» **WORK TASK**:
I would like you to output every record below exactly, apart from the pictures.

» **PROVIDED MATERIAL**:
====
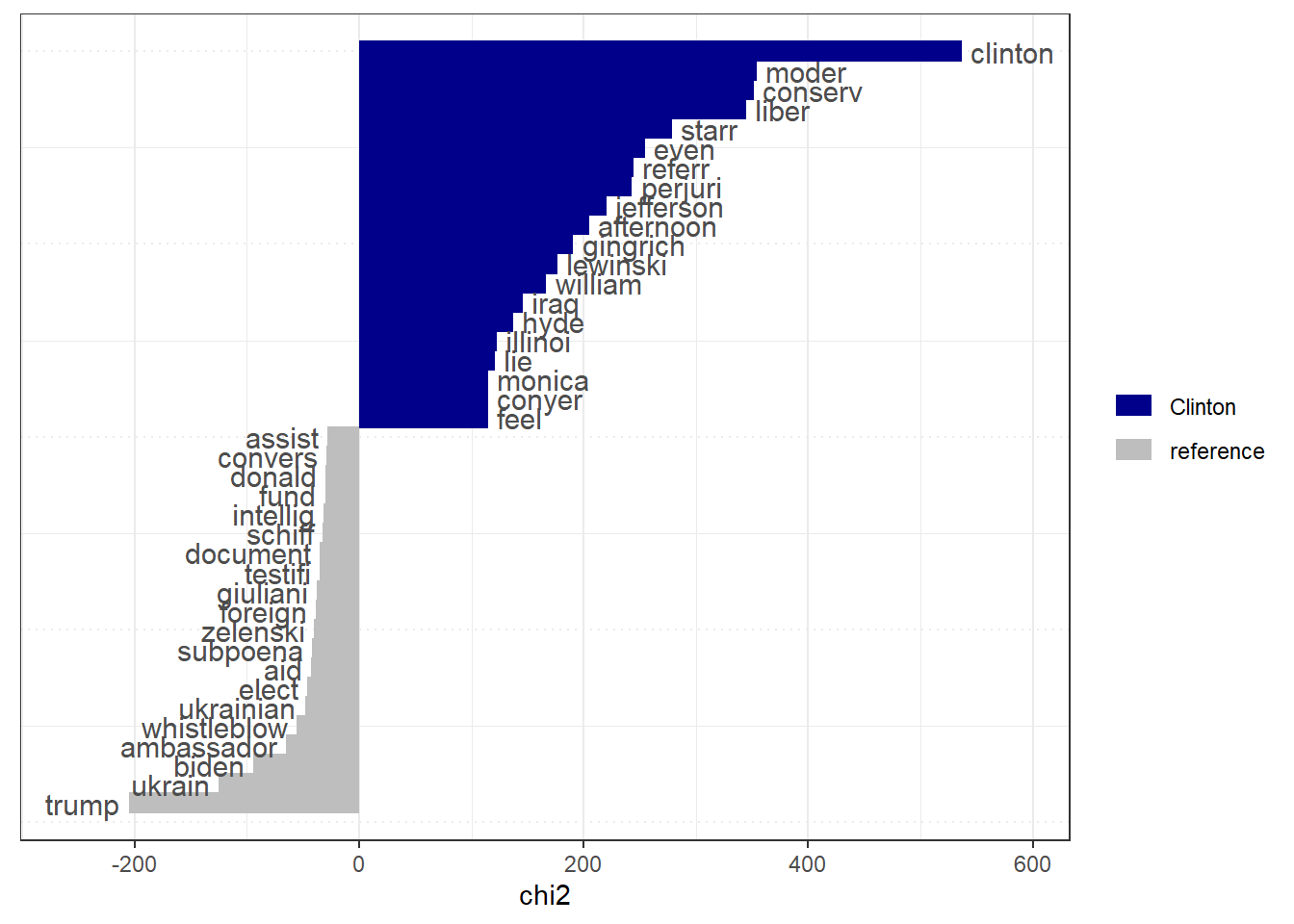 EDA and Analysis for C-SPAN Data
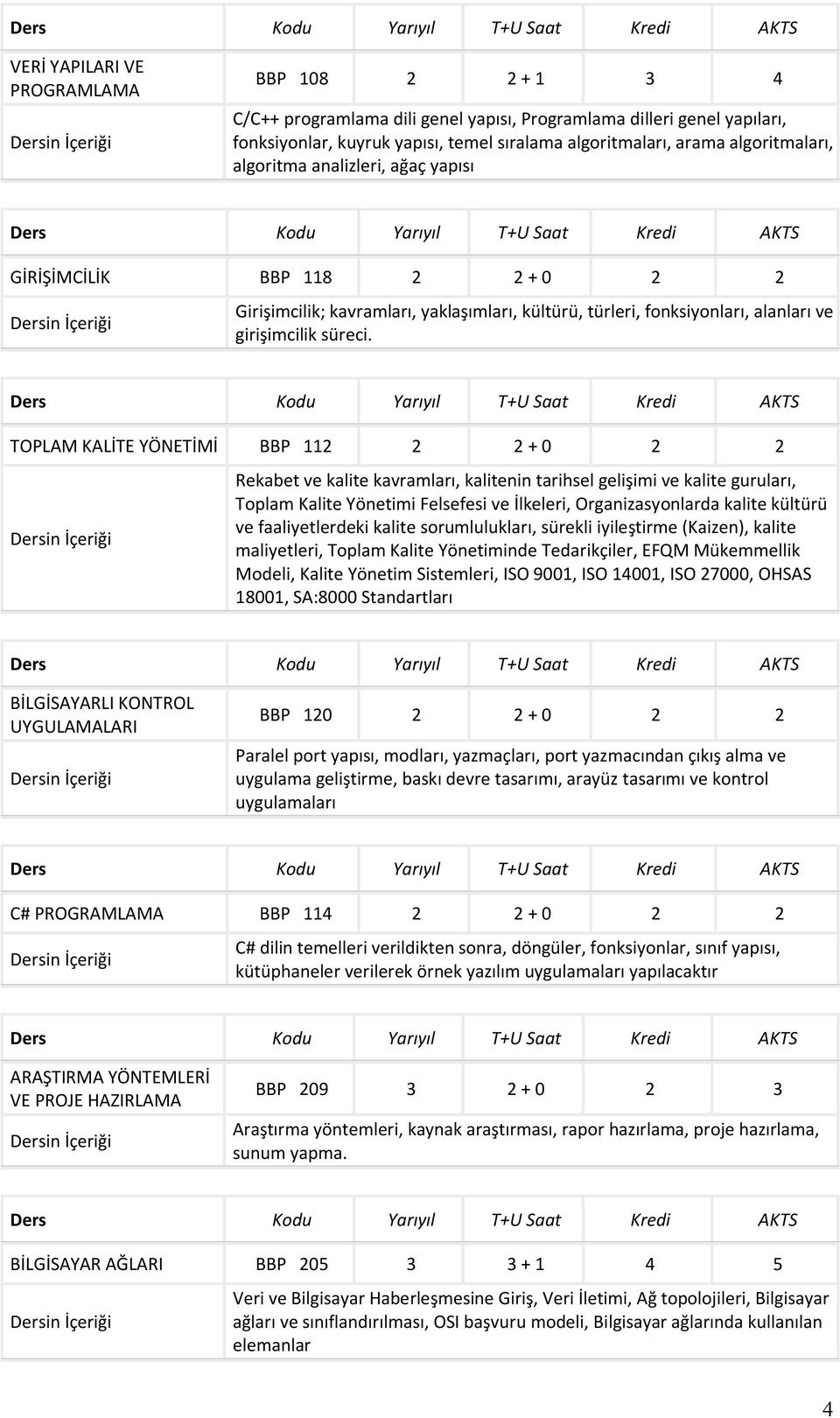 TOPLAM KALİTE YÖNETİMİ BBP 112 2 2 + 0 2 2 Rekabet ve kalite kavramları, kalitenin tarihsel gelişimi ve kalite guruları, Toplam Kalite Yönetimi Felsefesi ve İlkeleri, Organizasyonlarda kalite kültürü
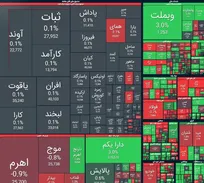 ریزش ۱۹ هزار واحدی شاخص بورس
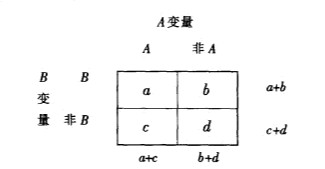 新产品开发计画 新产品开发计画
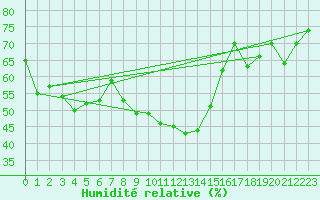 Courbe de l'humidit relative pour Lofer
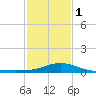 Gulfport tide chart for Thursday, February 1, 2024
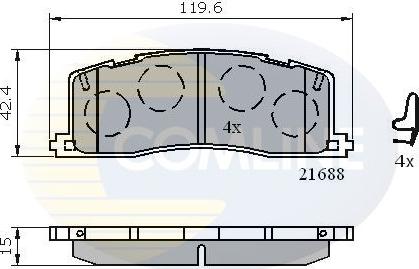 Comline CBP3443 - Komplet Pločica, disk-kočnica www.molydon.hr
====
» **EXERCISE SOLUTION**:
 EDA and Analysis for C-SPAN Data
 TOPLAM KALİTE YÖNETİMİ BBP 112 2 2 + 0 2 2 Rekabet ve kalite kavramları, kalitenin tarihsel gelişimi ve kalite guruları, Toplam Kalite Yönetimi Felsefesi ve İlkeleri, Organizasyonlarda kalite kültürü
 ریزش ۱۹ هزار واحدی شاخص بورس
 新产品开发计画 新产品开发计画
 Courbe de l'humidit relative pour Lofer
 Gulfport tide chart for Thursday, February 1, 2024
 Comline CBP3443 - Komplet Pločica, disk-kočnica www.molydon.hr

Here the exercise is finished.